Woolgrove and Secretary, Department of Education, Skills and Employment
[2022] AATA 48
•13 January 2022
Woolgrove and Secretary, Department of Education, Skills and Employment [2022] AATA 48 (13 January 2022)
Division:GENERAL DIVISION
File Number(s): 2020/3379
Re:Rosemary Woolgrove
APPLICANT
AndSecretary, Department of Education, Skills and Employment
RESPONDENT
DECISION
Tribunal:Member Cox
Date:13 January 2022
Place:Adelaide
The decision under review is affirmed.
..........................[Sgnd]..............................
Member Cox
CATCHWORDS
HIGHER EDUCATION SUPPORT – HECS-HELP debt – application for remission – Applicant claiming special circumstances – whether Applicant meets the test in subsection 36-21(1)(b) of the Higher Education Support Act 2003 (Cth) – decision affirmed
LEGISLATION
Higher Education Support Act 2003 (Cth)
Legislation Act 2003 (Cth)
CASES
Beazley v Repatriation Commissioner [2015] FCAFC 165
Re Holbrook and Australian Postal Commission (1983) 5 ALN N 46
SECONDARY MATERIALS
Administrative Guidelines 2003
REASONS FOR DECISION
Member Cox
13 January 2022
BACKGROUND
On 15, 16 and 18 October 2018, the Applicant enrolled at the University of Southern Queensland (the “University”) in four nursing subjects for semester 1 of 2019.
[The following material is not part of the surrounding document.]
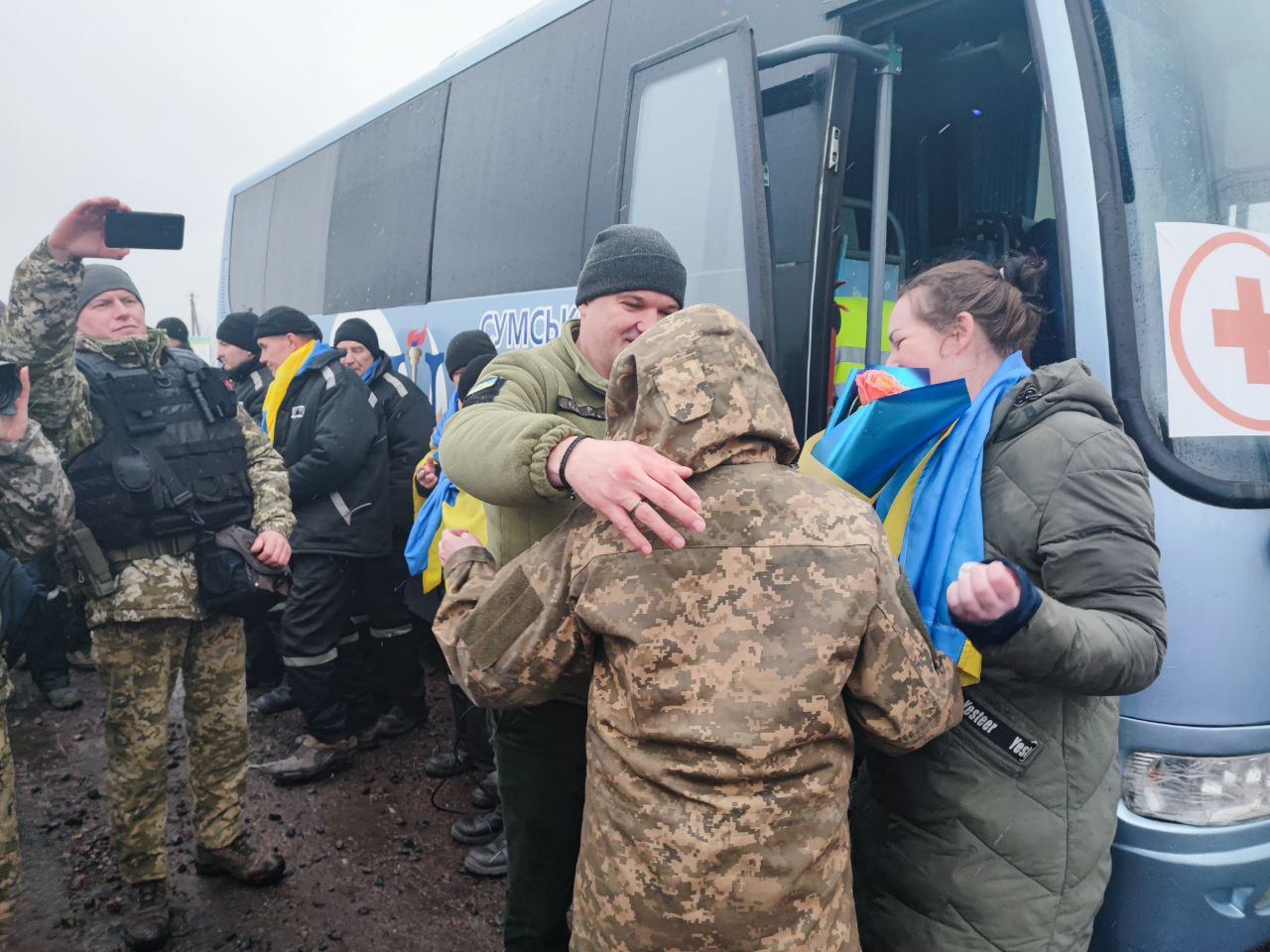 Зображення до посту Ще 130 українських захисників і захисниць повернули з полону, серед них — оборонці Маріуполя, Бахмута й Соледара (ФОТО, ВІДЕО)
On 18 February 2019, the Applicant left Queensland and travelled to Adelaide, arriving on 22 February 2019.
On 25 February 2019, semester 1 commenced.
The census date for Commonwealth assistance was 22 March 2019.
On 1 April 2019, the Applicant was issued with a Commonwealth Assistance Notice for the four subjects she had enrolled in for semester 1. The notice referred to the following subject numbers:
(a)NSC2500 – Pharmacology and Pathophysiology in Health;
(b)NUR2000 – Medications Management;
(c)NUR2101- Chronic Care Across Lifespan A; and
(d)NUR2102 – Chronic Care Across Lifespan B.
On 11 April 2019, the Applicant sent an email to the University stating she “would like to drop the course NSC2500 as I have felt for me that the course content is too much for me to cope with.” She also stated that she “was sick at the beginning of the year with influenza A and I moved interstate to spend time more time with my family through [sic] as both my mother and sister have been sick.”
On 18 April 2019, the Applicant dropped NSC2500 – Pharmacology and Pathophysiology in Health and NUR2000 – Medications Management.
On 24 June 2019, semester 1 ended.
On or about 1 November 2019, the Applicant applied to the University for remission of her HECS-HELP debt under subparagraph 36-20(1)(e)(ii) of the Higher Education Support Act 2003 (Cth) (the “Act”) for two of her units of study in semester 1 of 2019, being: NSC2500 - Pharmacology and Pathophysiology in Health, and NUR2000 - Medications Management.
On or about 19 November 2020, the University declined the application.
On or about 28 February 2020, the Applicant requested a review of that decision.
On or around 11 May 2020, the University affirmed the decision in respect of both units of study (this is the “review decision”).
On 1 June 2020, the Applicant applied to the Administrative Appeals Tribunal for a review of the review decision.
LEGISLATION AND ADMINISTRATIVE GUIDELINES
The relevant legislation is the Act and the Administrative Guidelines 2003 (the ‘Guidelines’) which is a legislative instrument within the meaning of section 8 of the Legislation Act 2003 (Cth). The Guidelines are subordinate legislation and the Tribunal must make a decision in accordance with them.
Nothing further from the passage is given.